Conditions Are Power-Law Distributed: An Example
I observed to Mike Hill that conditions in code are power-law distributed. That is, there is one condition (if XXX) that is used more than any other, two that are used half that much and so on until you have lots of conditions that are only used once.
I wanted to double check myself, since this is a pretty science-y observation. I did. I was right. (Dang, that’s not very science-y. Let me try again.) The prediction I made matched a new observation.
I’ll walk you through how I got the data (it’s a long Unix command line — feel free to tell me how to do it beautifully with R or something).
First, we want to extract the if statements from our codebase (I picked Ansible for no good reason except that I had it around). This will do it:
> grep -R --include=’*.py’ ‘if ‘ .
./packaging/release/tests/version_helper_test.py: if isinstance(expected, type):
./packaging/release/changelogs/changelog.py: if argcomplete:
./packaging/release/changelogs/changelog.py: if args.verbose > 2:
./packaging/release/changelogs/changelog.py: elif args.verbose > 1:
This does indeed give us a bunch of if statements. Now we need to strip out the extraneous portions, the “if” at the beginning and the “:” at the end (this being Python).
> grep -R --include=’*.py’ ‘if ‘ . | perl -nle ‘print $1 if /.*if (.*):/’
args.verbose > 2
args.verbose > 1
Now we have just the conditions. How many of each are there? First sort them then pass them through uniq -c to count them.
> grep -R --include=’*.py’ ‘if ‘ . | perl -nle ‘print $1 if /.*if (.*):/’ | sort | uniq -c
1 “ “ in v
2 “ at ‘^’ position” in err
1 “#LogService.ClearLog” in _data[u”Actions”]
4 “%s” not in validate
Sort these numerically in reverse order and we can see the heavy hitters.
> grep -R --include=’*.py’ ‘if ‘ . | perl -nle ‘print $1 if /.*if (.*):/’ | sort | uniq -c | sort -n -r
2332 __name__ == ‘__main__’
682 ‘message’ in response
645 state == ‘present’
644 not module.check_mode
What we want eventually is a histogram showing how many single-use conditions there are, how many conditions are used twice, etc.
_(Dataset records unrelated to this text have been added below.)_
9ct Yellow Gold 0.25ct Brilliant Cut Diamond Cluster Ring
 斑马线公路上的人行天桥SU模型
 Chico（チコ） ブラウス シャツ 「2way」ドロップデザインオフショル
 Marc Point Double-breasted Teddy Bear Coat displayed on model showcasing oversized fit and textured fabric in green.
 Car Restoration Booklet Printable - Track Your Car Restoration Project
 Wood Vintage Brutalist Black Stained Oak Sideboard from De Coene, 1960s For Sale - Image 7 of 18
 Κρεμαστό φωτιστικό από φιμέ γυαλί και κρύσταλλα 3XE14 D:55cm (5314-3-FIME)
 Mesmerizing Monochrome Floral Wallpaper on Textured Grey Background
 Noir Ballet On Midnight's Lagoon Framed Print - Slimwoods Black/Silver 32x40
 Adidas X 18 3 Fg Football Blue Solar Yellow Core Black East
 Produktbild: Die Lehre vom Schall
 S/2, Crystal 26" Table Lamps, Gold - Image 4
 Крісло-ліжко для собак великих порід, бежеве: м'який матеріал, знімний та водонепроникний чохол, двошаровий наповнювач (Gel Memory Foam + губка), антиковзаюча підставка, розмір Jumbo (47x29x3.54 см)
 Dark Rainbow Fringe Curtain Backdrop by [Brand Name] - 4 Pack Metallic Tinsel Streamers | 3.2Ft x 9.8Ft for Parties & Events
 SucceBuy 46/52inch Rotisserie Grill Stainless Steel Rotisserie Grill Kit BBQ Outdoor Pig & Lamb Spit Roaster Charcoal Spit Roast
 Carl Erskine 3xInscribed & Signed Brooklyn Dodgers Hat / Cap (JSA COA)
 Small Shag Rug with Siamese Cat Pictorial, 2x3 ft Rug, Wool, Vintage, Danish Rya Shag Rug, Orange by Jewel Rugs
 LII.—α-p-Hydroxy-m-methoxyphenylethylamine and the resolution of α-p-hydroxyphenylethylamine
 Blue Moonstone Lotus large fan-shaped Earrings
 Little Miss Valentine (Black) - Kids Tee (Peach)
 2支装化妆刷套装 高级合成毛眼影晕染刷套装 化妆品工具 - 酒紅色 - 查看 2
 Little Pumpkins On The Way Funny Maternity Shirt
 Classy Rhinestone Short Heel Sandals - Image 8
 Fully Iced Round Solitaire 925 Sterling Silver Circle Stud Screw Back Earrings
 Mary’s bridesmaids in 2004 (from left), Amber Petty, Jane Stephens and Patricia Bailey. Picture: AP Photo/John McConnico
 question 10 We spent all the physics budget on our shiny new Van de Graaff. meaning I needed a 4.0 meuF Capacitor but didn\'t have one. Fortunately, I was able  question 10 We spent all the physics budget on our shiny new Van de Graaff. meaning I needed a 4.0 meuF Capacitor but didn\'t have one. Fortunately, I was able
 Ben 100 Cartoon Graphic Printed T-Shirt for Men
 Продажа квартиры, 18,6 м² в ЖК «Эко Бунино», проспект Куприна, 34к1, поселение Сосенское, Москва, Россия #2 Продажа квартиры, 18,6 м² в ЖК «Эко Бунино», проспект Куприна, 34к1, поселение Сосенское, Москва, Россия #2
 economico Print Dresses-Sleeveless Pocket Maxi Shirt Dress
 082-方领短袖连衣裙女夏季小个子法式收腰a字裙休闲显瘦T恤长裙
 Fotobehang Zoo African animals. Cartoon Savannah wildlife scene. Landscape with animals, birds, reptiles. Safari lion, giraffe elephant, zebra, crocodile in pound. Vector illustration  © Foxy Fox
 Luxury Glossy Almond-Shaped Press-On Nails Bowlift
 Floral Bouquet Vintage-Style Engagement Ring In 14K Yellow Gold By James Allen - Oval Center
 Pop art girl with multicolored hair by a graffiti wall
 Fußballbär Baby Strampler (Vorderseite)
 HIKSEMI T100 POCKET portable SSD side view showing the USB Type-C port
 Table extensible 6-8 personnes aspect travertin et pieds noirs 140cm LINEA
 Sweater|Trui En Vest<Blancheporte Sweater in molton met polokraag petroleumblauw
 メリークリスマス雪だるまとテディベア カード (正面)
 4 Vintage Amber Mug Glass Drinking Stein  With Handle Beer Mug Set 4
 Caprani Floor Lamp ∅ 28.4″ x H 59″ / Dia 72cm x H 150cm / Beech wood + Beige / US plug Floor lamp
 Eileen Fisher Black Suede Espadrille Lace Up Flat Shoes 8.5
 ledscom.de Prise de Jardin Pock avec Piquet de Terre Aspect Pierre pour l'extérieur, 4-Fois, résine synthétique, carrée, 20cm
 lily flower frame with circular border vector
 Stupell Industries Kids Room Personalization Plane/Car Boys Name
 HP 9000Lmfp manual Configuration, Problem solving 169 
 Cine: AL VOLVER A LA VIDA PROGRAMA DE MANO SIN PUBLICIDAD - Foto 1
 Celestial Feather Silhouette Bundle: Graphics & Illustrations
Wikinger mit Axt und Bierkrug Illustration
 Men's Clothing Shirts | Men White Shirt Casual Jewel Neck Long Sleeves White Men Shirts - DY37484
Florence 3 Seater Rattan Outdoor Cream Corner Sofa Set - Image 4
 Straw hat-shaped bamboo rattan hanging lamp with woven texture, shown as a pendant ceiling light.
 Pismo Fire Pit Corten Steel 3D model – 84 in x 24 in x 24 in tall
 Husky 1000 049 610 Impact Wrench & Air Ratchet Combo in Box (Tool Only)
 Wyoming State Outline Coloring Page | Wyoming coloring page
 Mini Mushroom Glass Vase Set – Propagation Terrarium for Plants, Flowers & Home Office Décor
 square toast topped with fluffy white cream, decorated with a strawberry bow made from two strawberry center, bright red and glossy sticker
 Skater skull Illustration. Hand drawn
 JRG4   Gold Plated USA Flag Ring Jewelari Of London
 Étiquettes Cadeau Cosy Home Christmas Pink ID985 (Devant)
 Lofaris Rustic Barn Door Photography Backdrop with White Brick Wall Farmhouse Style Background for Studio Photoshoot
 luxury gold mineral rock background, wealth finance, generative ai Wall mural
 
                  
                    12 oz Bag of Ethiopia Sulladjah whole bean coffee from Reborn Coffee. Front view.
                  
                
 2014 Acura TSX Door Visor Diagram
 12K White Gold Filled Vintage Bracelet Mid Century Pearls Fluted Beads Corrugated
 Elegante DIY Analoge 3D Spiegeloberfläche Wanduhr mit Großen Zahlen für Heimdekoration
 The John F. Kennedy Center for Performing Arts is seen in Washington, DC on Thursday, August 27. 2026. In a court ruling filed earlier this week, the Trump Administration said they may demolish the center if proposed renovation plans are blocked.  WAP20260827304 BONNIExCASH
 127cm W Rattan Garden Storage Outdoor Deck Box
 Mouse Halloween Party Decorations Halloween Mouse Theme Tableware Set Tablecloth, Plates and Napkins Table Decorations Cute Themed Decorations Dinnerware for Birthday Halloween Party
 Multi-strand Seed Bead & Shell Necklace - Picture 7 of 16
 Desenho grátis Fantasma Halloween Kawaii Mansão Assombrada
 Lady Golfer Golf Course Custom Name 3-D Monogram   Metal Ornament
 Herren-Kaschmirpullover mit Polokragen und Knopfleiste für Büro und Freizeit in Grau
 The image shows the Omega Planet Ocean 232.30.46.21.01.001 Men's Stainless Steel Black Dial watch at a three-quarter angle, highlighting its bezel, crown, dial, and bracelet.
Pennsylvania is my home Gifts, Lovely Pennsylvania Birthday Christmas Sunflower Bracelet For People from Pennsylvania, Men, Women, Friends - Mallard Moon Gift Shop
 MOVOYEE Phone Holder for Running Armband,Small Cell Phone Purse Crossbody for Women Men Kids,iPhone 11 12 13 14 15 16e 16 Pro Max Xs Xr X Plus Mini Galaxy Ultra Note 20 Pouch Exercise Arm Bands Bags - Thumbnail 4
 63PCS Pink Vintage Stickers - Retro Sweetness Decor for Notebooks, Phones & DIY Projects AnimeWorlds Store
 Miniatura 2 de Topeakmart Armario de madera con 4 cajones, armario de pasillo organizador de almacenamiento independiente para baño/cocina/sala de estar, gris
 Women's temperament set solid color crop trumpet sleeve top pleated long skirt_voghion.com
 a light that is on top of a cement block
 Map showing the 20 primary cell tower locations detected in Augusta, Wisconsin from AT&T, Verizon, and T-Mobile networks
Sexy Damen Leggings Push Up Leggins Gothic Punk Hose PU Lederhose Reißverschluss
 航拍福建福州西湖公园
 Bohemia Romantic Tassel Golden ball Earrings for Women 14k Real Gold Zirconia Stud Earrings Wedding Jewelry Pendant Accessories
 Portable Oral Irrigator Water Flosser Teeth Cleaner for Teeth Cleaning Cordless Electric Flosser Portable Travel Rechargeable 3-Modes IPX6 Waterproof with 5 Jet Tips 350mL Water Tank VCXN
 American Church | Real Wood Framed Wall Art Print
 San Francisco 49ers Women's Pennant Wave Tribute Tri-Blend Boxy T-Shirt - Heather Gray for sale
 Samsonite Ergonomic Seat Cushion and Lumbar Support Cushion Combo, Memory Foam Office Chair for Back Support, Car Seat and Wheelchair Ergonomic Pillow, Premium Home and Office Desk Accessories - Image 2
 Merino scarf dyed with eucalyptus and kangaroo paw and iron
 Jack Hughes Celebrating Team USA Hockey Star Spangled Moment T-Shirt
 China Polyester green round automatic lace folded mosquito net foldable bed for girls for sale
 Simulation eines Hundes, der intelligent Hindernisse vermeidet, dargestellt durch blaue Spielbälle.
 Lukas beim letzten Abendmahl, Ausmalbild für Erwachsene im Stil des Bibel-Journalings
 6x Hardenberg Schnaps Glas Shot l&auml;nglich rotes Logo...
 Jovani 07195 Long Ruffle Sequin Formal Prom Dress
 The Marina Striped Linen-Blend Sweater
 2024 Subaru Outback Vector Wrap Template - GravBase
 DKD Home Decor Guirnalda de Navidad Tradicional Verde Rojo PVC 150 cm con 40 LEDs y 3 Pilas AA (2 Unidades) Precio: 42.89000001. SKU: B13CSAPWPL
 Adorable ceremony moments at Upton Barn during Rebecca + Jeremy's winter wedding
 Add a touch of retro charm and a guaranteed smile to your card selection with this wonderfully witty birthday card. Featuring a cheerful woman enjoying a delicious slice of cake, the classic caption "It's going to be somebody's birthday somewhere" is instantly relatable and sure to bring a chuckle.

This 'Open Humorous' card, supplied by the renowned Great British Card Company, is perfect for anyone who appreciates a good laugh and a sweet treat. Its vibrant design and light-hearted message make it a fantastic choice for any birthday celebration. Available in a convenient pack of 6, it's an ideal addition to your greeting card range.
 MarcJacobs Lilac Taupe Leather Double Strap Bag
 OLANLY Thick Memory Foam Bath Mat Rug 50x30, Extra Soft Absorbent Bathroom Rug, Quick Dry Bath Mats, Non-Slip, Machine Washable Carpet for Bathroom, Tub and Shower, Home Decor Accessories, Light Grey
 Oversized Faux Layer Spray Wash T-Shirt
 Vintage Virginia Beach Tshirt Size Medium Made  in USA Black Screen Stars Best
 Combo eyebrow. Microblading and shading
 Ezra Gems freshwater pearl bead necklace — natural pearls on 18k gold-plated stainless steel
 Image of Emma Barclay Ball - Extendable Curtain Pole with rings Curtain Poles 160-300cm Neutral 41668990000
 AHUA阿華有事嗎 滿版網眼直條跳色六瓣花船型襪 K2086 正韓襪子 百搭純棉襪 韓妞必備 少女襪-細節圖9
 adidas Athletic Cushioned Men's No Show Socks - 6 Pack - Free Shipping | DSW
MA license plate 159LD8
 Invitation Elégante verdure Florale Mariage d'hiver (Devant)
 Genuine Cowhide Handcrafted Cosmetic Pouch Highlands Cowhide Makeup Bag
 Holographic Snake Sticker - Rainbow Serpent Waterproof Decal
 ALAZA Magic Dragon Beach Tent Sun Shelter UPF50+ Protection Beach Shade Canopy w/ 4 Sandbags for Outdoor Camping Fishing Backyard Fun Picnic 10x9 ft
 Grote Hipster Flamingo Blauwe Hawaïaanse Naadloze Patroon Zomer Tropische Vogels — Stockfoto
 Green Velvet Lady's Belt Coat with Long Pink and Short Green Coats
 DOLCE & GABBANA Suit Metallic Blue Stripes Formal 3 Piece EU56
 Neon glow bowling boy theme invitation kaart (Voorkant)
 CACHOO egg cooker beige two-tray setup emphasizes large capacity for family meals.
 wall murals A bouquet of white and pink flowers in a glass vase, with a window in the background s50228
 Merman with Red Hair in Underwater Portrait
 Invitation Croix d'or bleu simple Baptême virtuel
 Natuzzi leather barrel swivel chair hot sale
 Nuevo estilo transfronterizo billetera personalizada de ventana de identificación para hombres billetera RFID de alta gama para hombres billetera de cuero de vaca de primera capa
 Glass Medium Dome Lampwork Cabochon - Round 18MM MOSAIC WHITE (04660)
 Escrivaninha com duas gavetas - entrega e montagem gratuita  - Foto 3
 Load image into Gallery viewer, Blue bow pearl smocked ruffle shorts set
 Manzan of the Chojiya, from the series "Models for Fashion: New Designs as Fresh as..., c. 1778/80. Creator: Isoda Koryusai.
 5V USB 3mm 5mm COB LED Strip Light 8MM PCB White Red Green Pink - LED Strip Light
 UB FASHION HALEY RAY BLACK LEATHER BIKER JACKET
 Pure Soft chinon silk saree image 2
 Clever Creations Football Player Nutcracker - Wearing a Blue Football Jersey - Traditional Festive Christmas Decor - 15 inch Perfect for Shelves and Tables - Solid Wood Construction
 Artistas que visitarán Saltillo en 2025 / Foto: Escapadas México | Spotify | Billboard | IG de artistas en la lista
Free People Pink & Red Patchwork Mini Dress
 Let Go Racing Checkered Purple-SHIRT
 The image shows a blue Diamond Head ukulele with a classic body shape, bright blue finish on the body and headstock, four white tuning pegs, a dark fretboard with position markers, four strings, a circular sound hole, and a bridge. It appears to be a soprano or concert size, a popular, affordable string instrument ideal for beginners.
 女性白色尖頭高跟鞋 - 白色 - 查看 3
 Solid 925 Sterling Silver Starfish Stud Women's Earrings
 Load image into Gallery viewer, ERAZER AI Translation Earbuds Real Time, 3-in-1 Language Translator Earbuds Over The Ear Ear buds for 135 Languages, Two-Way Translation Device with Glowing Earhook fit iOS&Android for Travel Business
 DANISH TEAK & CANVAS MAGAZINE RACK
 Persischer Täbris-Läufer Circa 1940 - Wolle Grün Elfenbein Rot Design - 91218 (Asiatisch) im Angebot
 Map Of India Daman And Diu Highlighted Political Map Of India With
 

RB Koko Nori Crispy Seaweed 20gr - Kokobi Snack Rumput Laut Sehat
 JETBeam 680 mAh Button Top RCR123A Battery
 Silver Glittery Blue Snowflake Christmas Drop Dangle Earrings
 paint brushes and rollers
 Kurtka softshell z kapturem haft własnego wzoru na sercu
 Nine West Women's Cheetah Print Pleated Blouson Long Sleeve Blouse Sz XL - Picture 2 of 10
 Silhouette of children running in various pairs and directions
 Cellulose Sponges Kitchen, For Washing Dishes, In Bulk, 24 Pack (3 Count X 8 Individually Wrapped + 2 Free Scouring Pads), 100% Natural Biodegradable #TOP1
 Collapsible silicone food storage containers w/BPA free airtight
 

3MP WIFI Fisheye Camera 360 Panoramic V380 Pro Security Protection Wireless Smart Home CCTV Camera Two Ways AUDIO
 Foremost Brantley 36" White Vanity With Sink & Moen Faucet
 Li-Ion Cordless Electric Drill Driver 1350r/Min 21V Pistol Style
Use “cut” to extract the counts, then the same “sort | uniq -c” trick to get a histogram.
> grep -R --include=’*.py’ ‘if ‘ . | perl -nle ‘print $1 if /.*if (.*):/’ | sort | uniq -c | sort -n -r | cut -c 1–5 | sort -n | uniq -c
Sure enough, there are lots of conditions (28K) used once, many fewer used twice, many fewer used three times, and on down.
Down at the bottom we have one condition used 2332 times.
Graphing this data we get an inkling that we’re not in Normalistan any more.
Shifting the axes to logarithmic shows something like a power-law distribution.
There is a trend in how often a condition “ought” to appear. And there you have it — preferential attachment at work. The more often a condition appears in a codebase, the more likely that condition is to be used the next time a conditional appears.